WORK TASK: Reproduce the entries below exactly, but only from the line containing "Evening view of" to the line containing "technology, remote job", inclusive.
#### GIVEN DATA ####
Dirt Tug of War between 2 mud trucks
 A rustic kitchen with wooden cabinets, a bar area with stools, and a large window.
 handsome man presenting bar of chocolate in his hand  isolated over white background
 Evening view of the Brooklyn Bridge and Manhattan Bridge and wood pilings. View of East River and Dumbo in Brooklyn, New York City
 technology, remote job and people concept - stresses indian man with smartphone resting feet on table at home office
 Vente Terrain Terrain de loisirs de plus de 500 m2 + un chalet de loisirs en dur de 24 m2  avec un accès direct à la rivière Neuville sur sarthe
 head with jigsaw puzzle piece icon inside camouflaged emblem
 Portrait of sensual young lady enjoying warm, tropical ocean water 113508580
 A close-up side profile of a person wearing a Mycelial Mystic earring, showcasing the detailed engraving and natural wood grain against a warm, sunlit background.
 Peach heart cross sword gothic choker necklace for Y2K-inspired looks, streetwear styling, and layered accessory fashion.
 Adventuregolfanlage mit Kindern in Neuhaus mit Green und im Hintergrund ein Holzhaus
####
#### GIVEN DATA ####
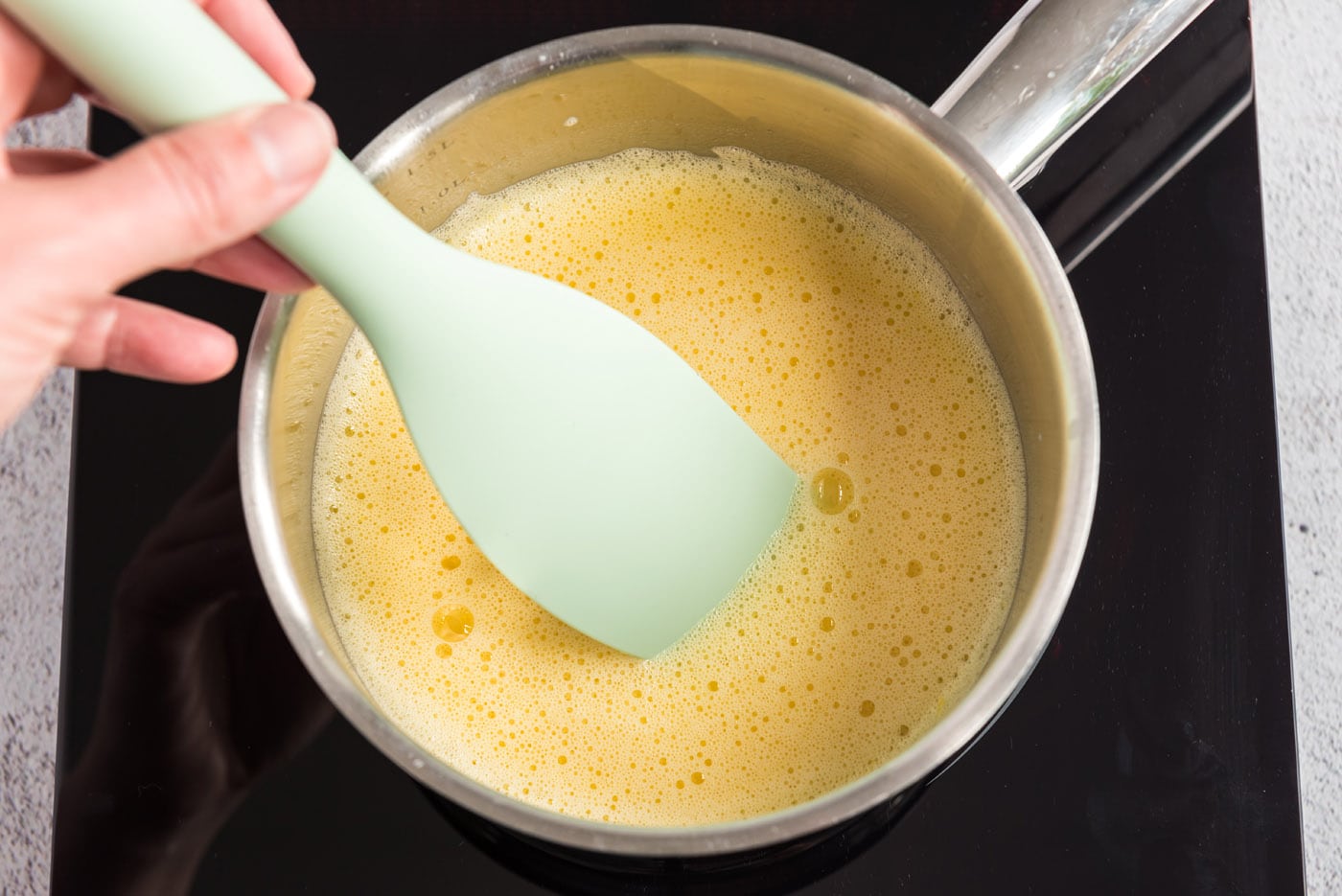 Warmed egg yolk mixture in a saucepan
####
RESULT OF THIS TASK:
 Evening view of the Brooklyn Bridge and Manhattan Bridge and wood pilings. View of East River and Dumbo in Brooklyn, New York City
 technology, remote job and people concept - stresses indian man with smartphone resting feet on table at home office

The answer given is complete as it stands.